:: THE RECORDS ::
»»
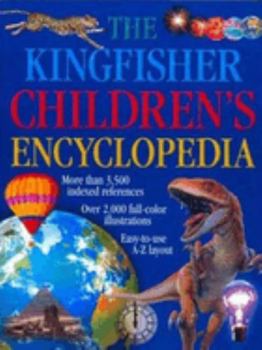 Hardcover The Kingfisher Children's Encyclopedia Book
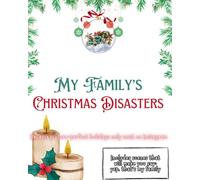My Family's Christmas Disasters: Because picture-perfect holidays only exist on Instagram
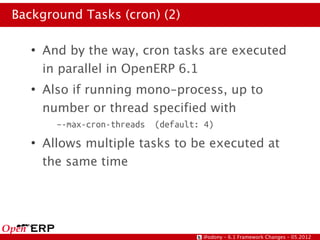 Background Tasks (cron) (2)

   ●
       And by the way, cron tasks are executed
       in parallel in OpenERP 6.1
   ●
       Also if running mono-process, up to
       number or thread specified with
         –-max-cron-threads   (default: 4)
   ●
       Allows multiple tasks to be executed at
       the same time




                                       @odony – 6.1 Framework Changes – 05.2012
 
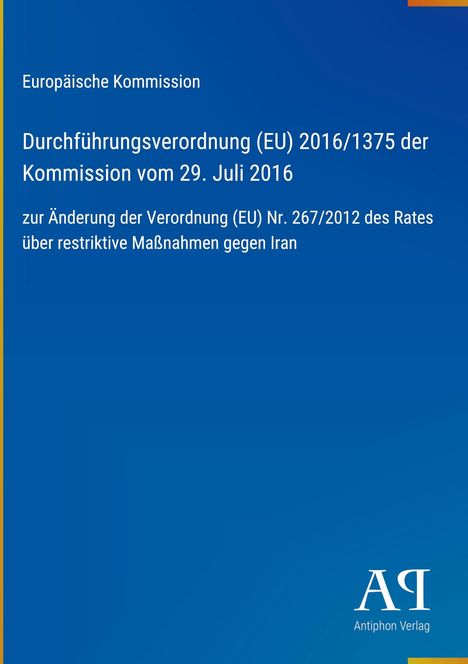 Text der EU-Verordnung über Maßnahmen gegen Iran, blaues Cover, EU- und Verlagstitel.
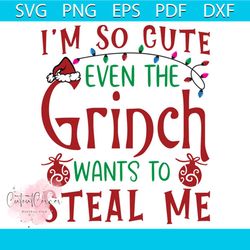 i'm so cute even the grinch wants to steal me svg, christmas svg, grinch svg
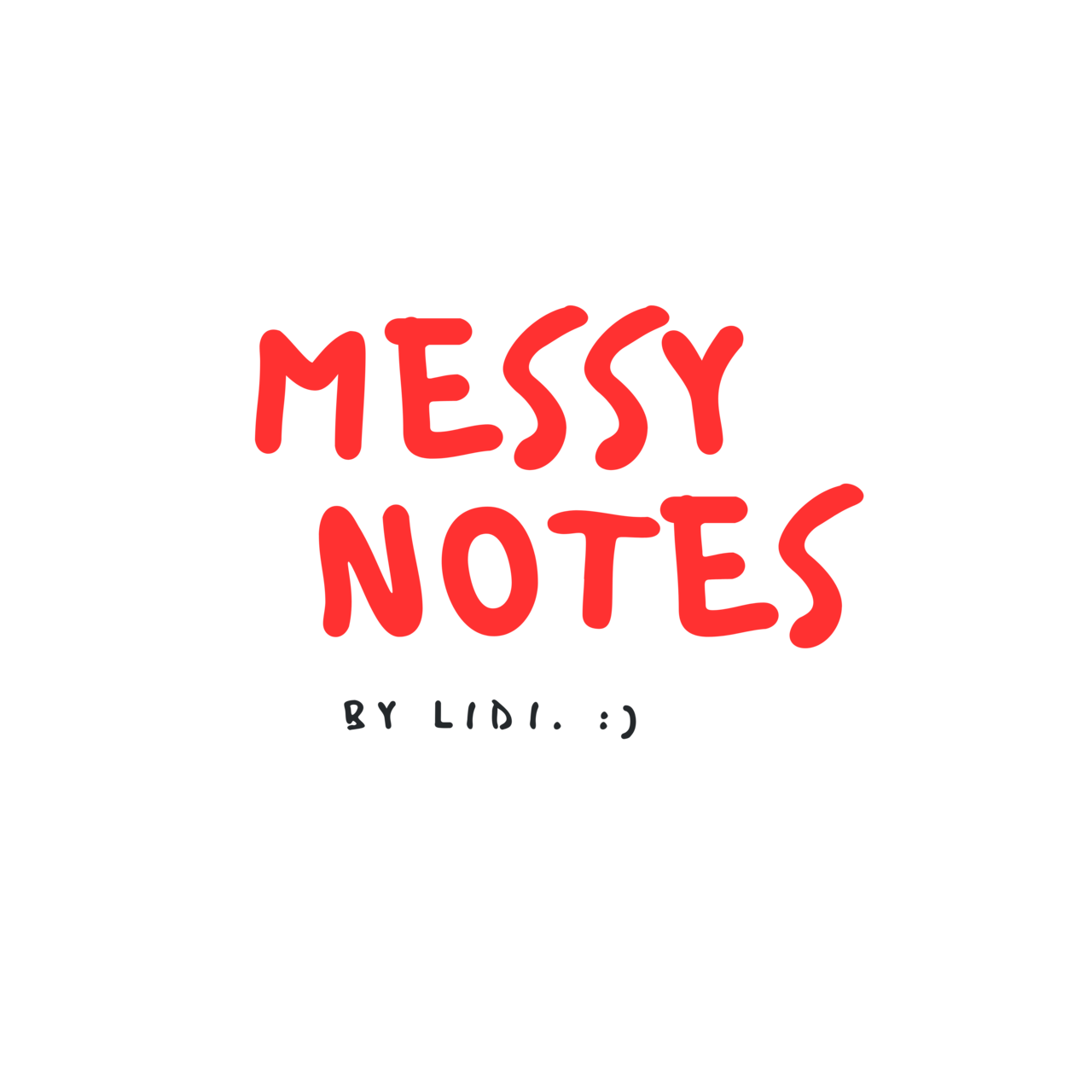 Messy notes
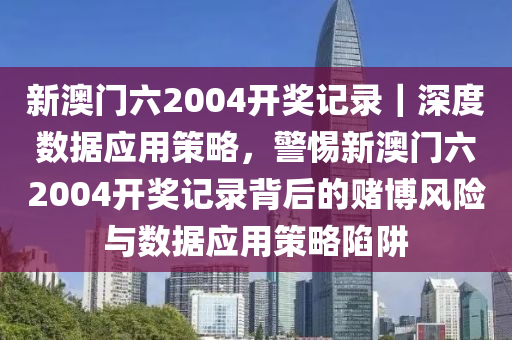 新澳門(mén)六2004開(kāi)獎(jiǎng)記錄｜深度數(shù)據(jù)應(yīng)用策略，警惕新澳門(mén)六2004開(kāi)獎(jiǎng)記錄背后的賭博風(fēng)險(xiǎn)與數(shù)據(jù)應(yīng)用策略陷阱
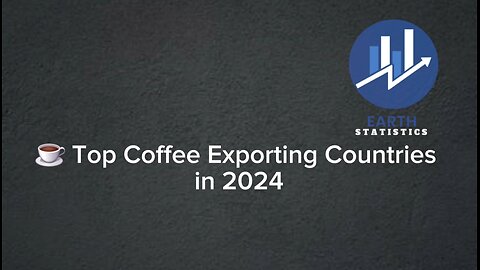 Top Coffee Exporting Countries in 2024...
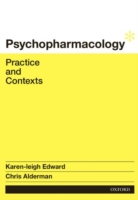 Psychopharmacology: Practice and Contexts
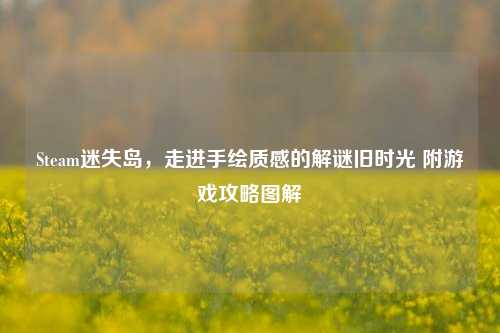 Steam迷失岛,走进手绘质感的解谜旧时光 附游戏攻略图解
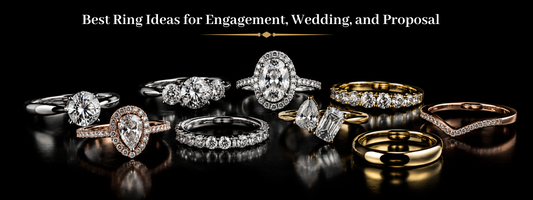 Best Ring Ideas for Engagement, Wedding, and Proposal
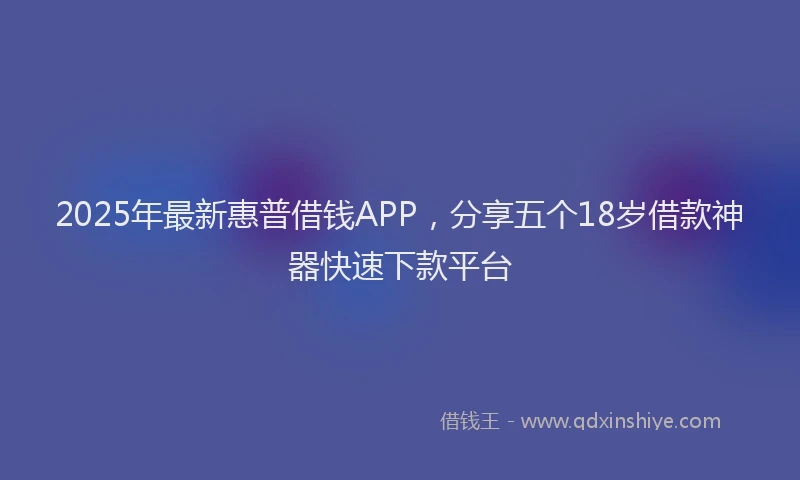 2025年最新惠普借钱APP，分享五个18岁借款神器快速下款平台
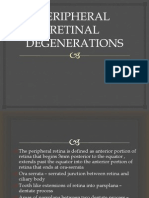 Peripheral Retinal Degenerations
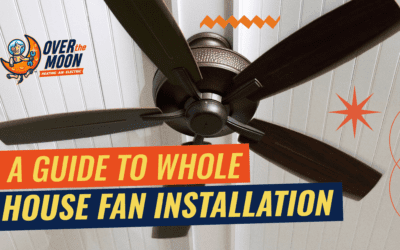 A Guide to Whole-House Fan Installation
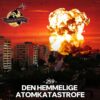 #259: Den Hemmelige Atomkatastrofe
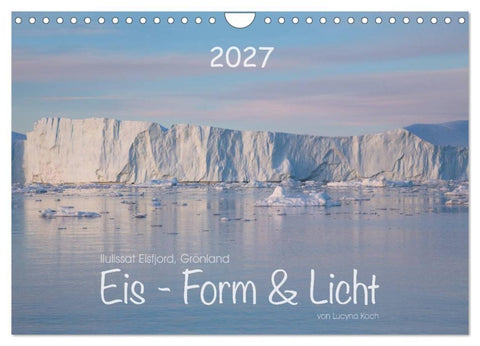 Ilulissat Eisfjord, Grönland. EIS - FORM UND LICHT (Wandkalender 2027 DIN A4 quer), CALVENDO Monatskalender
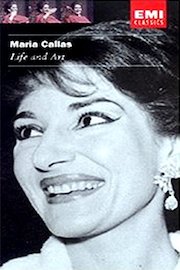Maria Callas - Maria Callas - Life And Art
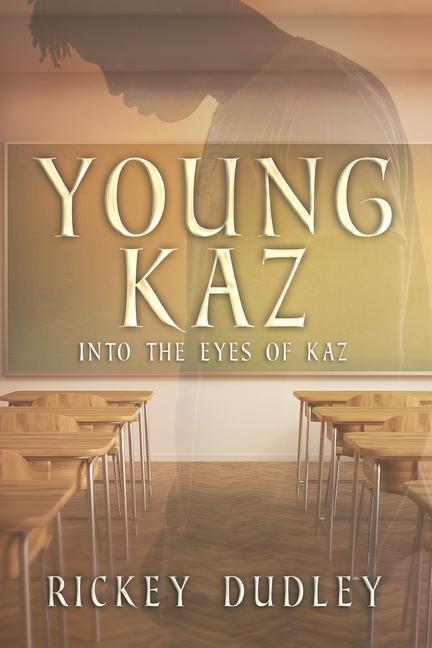 Young Kaz: Into the Eyes of Kaz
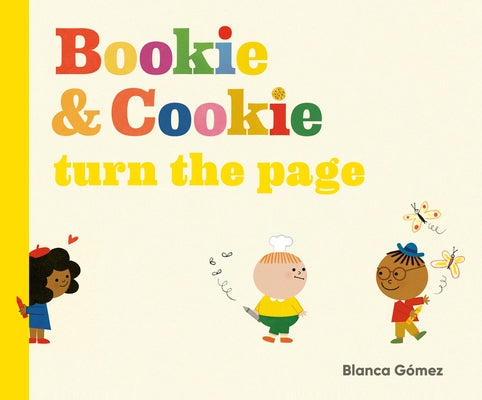 Bookie & Cookie Turn the Page by Gómez, Blanca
««
:: PROBLEM ::
Please state how many lines in the listing hold the string "executed", giving the number alone.

:: SOLUTION ::
2